New CMBS loan applications should see a 5-basis-point (bp) decrease in spread based on the results of five CMBS offerings during the week of September 16 totaling $3.8 billion. The most recent deal, a $1.1-billion offering by Ladder Capital, Deutsche Bank and Natixis, is expected to price on Monday. Its long-term, super-senior bonds were being marketed with a projected spread of 103 bp over swaps. Equivalent benchmark bonds in a $1.1-billion offering led by Citigroup and Goldman Sachs priced at the same level on Wednesday, just before the Fed announcement. Comparable bonds in a $1-billion deal led by Wells Fargo and RBS priced Monday at 105 bp. That matched the previous conduit issue, which priced August 14 (GSMS 2013-GCJ14).
Investors generally cheered the Fed’s decision to postpone any tapering of its long-running effort to hold down interest rates by scooping up $85 billion per month of Treasury and mortgage-backed bonds. Yet there was little movement in new-issue spreads.
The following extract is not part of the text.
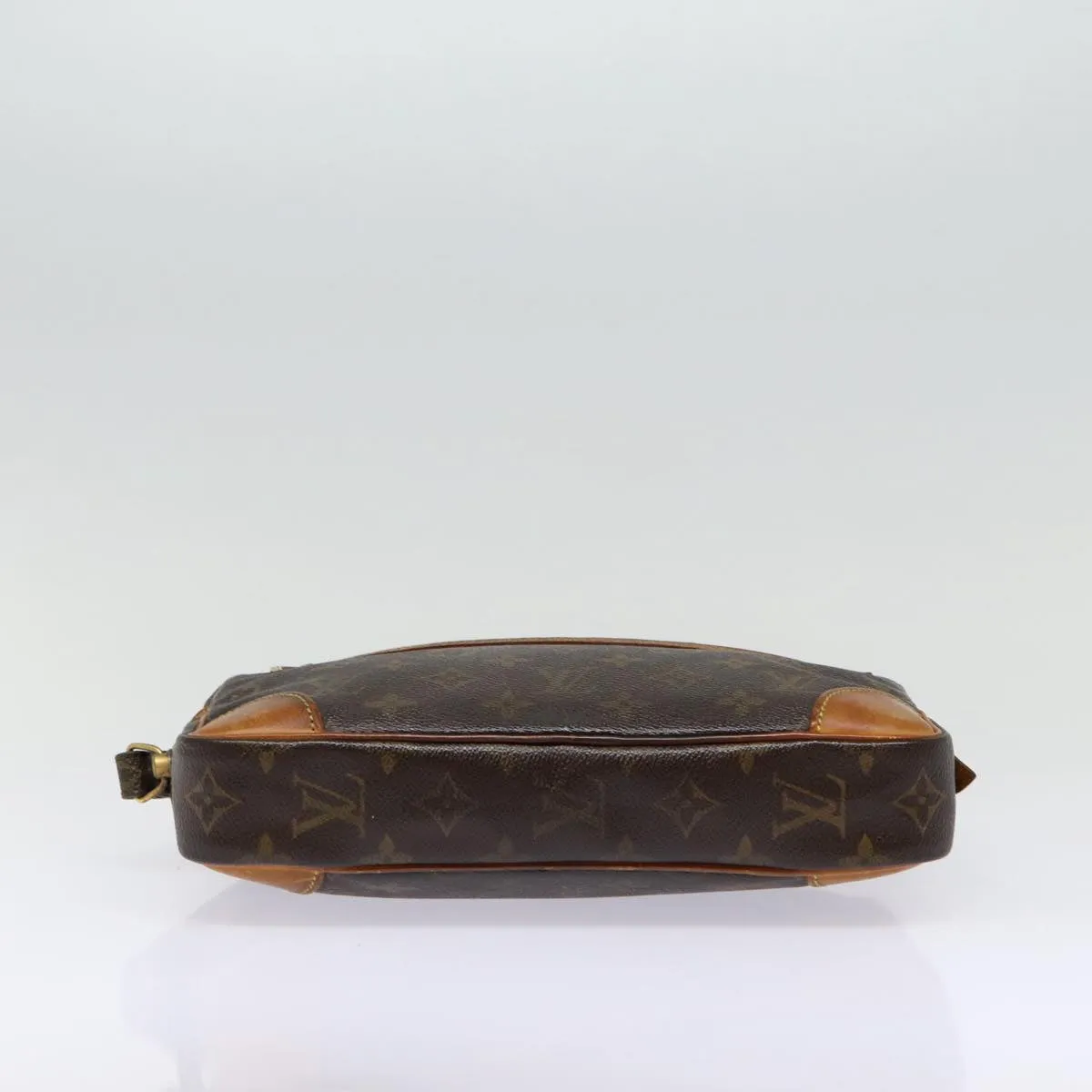 Trendy Inspired Louis Vuitton Monogram Marly Dragonne Gm Clutch Bag M51825 Lv Auth Th5236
That’s partly due to lingering buy-side concerns about taking on long-term risk, since the Fed might still change course by yearend, possibly causing interest rates to rise.
“On one hand, I am glad the market was able to absorb all the new supply and spreads narrowed a bit, good news for new CMBS loan origination,” said Michael D. Sneden, Executive Vice President of ValueXpress. “But on the other hand, we received only $4.2-million from a $5.0-million CMBS order for bonds from the RBS deal as the AS Class that we purchased was 1.25x oversubscribed.”